A teenager discovers she is expecting a baby and chooses life over convenience. A young single mother leaves an abusive marriage and forges ahead to raise her two children in a peaceful home without threats and violence. A loving grandmother takes her grandaughter under her wing and shelters her from the loneliness of being a tween. What do all of these scenarious have in common you ask? Courage!
Some of us have it. Some of us don't. In a world that rejects the moral bounderies of absolute truth, courage is a rare commodity. Fearing the empty label of intolerance, all of humanity seems to shrink away from right and wrong. Hiding in our cowardice, we foolishly accept moral decline and decay. And, while some claim we have lost our moral compass, I strongly feel that it is more likely an issue of courage. It is a story as old as Cain and Abel. Both brothers knew what was right, but one chose obedience, the other murder. We are told that God reminded Abel, "If you do what is right, will you not be accepted? But if you do not do what is right, sin is crouching at your door; it desires to have you, but you must master it." (Genesis 4:7 NIV)
The same is true of us today. Obedience takes courage and many of choose the worldly road instead. It is not that we don't know what is right and what is wrong. Our Heavenly Father clearly leads us in righteousness. Rather, we prefer to stay hidden in sin, for we lack courage to stand out.

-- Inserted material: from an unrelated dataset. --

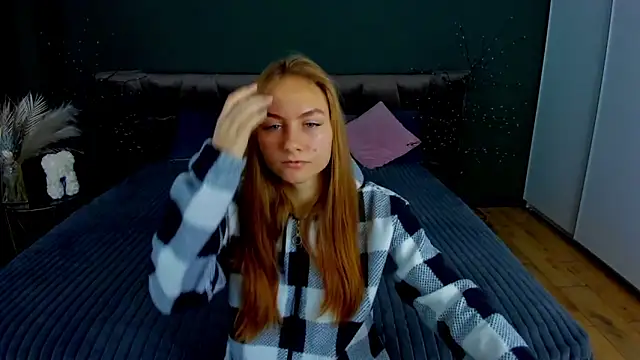 Snapshot of MilaAddams chatting on November 2025 07:06:02 AM MilaAddams online show from November 2025 07:06:02 AM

It shouldn't be so. For scripture pointedly says, "Have I not commanded you? Be strong and courageous. Do not be terrified; do not be discouraged, for the LORD your God will be with you wherever you go." (Joshua 1:9 NIV) God doesn't suggest we be courageous...He COMMANDS it! The world hasn't changed. It is still gripped by sin and will continue to be so until Christ returns. Yet, because of His sacrifice on the Cross, we are changed. With courage we can do the "God" things that truly revolutionize the world and bring glory to the Father.
Long ago, in the midst of exile, there was a woman, not so different from you or me, who initially lacked courage in a desperate and seemingly hopeless situation. Her name was Esther. Gripped by fear, she remained silent for a time while her people confronted threats of certain death. Her choices were grim. On the one hand Esther faced execution for being a Jew, on the other, execution for approaching the King without first being summoned. In all fairness, it seemed like a lose/lose proposition. But, we learn a lot from this bold girl who was also the unlikely Queen of the Persian empire. When in doubt, we must pray for courage. We are told that Esther told her cousin Mordecai...
"Go, gather together all the Jews who are in Susa, and fast for me. Do not eat or drink for three days, night or day. I and my maids will fast as you do. When this is done, I will go to the king, even though it is against the law. And if I perish, I perish." (Esther 4:15-16 NIV)
Mustering her strength, Esther faced the uncertainties, victoriously saving both her people and herself. In short, she looked to God and courageously conquored fear. Each day, we encounter opportunities to display courage as well. We are courageous when we choose to reject humanistic ideals and instead embrace eternal truths in our homes and families. We show courage as we speak truth and love into the life of a friend who has stumbled blindly into sin and certain destruction. And we display courage as we boldly claim the gospel of Jesus Christ in a world bitterly consumed with hatred for our Savior.
Life is not for the faint of heart. Daily, we face an unseen enemy who seeks destruction in our lives. But we can be certain that darkness flees when we have courage and boldly follow God.